Simulated Author's Rebuttal

3 responses · 0 unresolved

We thank the referee for the thorough review and valuable feedback on our manuscript. We have carefully considered each comment and made revisions to address the concerns raised, particularly regarding validation and model details. Our point-by-point responses are as follows.

read point-by-point responses

  1. Referee: [Abstract] Abstract: the statement that the PDE 'reproduces patterns commonly observed' and that the data-driven chemoattractant equation 'ensures a consistent temporal evolution' is unsupported by any reported validation, parameter-fitting procedure, error metrics, or quantitative comparison to real endothelial-network statistics.

    Authors: We agree that the abstract claims would be strengthened by explicit support. The reproduction of patterns is demonstrated via numerical simulations showing qualitative agreement with commonly observed microvascular structures. In the revised manuscript, we have updated the abstract for precision, added a dedicated subsection with quantitative metrics (branch-length distributions, fractal dimensions, network connectivity), included the parameter-fitting procedure for the chemoattractant equation, and reported associated error metrics against literature values for endothelial networks. revision: yes

  2. Referee: [Model derivation] Model section (data-driven chemoattractant equation): no explicit functional form, derivation, or consistency proof is supplied that links the equation to observed microvascular dynamics; without separation of fitting from prediction this creates a circularity risk for the central claim that the augmented KS system captures the underlying biology.

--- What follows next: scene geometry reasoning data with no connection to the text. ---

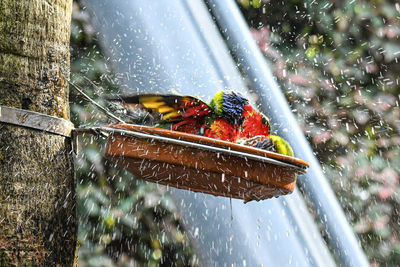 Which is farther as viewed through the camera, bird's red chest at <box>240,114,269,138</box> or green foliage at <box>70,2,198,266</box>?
green foliage at <box>70,2,198,266</box>

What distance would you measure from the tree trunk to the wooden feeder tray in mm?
139

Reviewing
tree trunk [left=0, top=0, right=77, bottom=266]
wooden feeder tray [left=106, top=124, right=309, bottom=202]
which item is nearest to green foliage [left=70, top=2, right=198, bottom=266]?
tree trunk [left=0, top=0, right=77, bottom=266]

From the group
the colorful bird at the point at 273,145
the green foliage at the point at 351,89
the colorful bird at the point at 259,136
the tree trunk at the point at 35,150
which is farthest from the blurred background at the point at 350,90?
the tree trunk at the point at 35,150

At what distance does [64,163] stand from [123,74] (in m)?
0.85

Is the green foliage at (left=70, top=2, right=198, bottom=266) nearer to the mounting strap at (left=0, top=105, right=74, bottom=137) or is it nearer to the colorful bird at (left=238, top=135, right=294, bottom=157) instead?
the mounting strap at (left=0, top=105, right=74, bottom=137)

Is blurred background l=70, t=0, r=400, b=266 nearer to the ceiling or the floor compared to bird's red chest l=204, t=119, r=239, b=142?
nearer to the ceiling

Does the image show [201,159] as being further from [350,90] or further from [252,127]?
[350,90]

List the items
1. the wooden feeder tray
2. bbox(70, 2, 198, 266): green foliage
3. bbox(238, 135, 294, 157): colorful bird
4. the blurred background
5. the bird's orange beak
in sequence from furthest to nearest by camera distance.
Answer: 1. the blurred background
2. bbox(70, 2, 198, 266): green foliage
3. the bird's orange beak
4. bbox(238, 135, 294, 157): colorful bird
5. the wooden feeder tray

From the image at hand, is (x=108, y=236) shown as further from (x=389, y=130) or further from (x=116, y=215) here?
(x=389, y=130)

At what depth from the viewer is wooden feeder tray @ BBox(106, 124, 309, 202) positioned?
2.91 feet

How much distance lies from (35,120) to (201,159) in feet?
1.17

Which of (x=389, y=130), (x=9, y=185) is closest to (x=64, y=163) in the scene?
(x=9, y=185)

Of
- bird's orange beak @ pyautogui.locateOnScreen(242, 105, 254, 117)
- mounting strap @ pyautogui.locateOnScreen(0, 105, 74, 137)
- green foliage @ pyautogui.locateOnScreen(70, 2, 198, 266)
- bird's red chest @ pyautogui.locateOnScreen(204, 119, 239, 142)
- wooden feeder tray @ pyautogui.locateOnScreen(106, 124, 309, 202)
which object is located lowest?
wooden feeder tray @ pyautogui.locateOnScreen(106, 124, 309, 202)

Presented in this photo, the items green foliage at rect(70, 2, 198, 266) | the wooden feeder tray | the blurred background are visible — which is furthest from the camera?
the blurred background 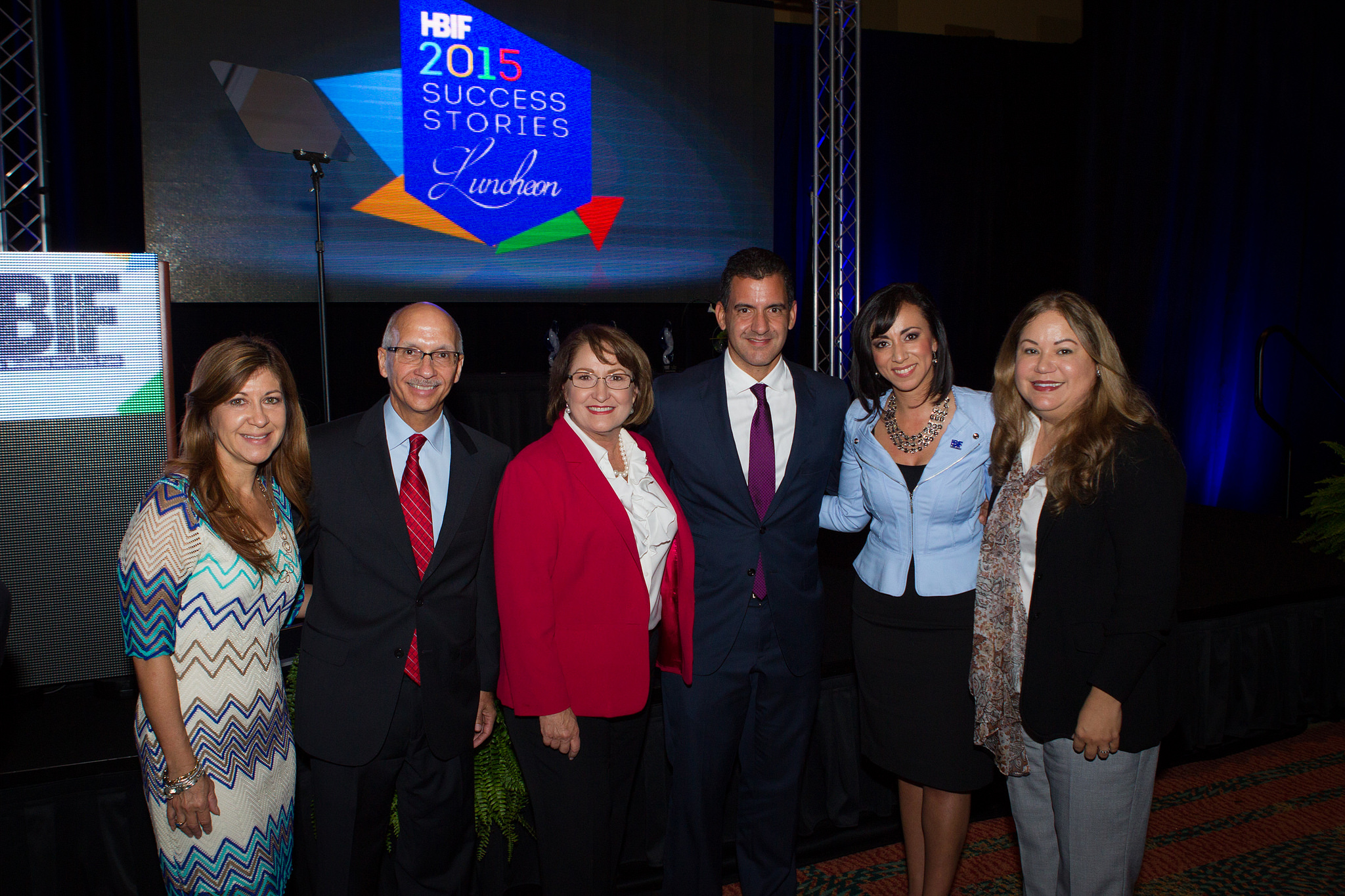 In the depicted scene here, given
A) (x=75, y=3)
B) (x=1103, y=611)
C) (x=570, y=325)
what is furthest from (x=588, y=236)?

    Authors: We acknowledge that greater detail on the data-driven component is warranted. The equation was constructed by fitting a functional form to time-series data extracted from observed microvascular growth. The revised model section now supplies the explicit functional form, the derivation steps from the data, a consistency analysis (positivity and boundedness), and a clear separation between the fitting dataset and the forward simulations used for pattern prediction. revision: yes

  3. Referee: [Numerical results] Numerical simulations: pattern formation is demonstrated only visually; no quantitative statistics (e.g., branch-length distributions, fractal dimensions, or network connectivity metrics) of real endothelial networks are provided to show that the model matches biology beyond parameter-tuned numerics.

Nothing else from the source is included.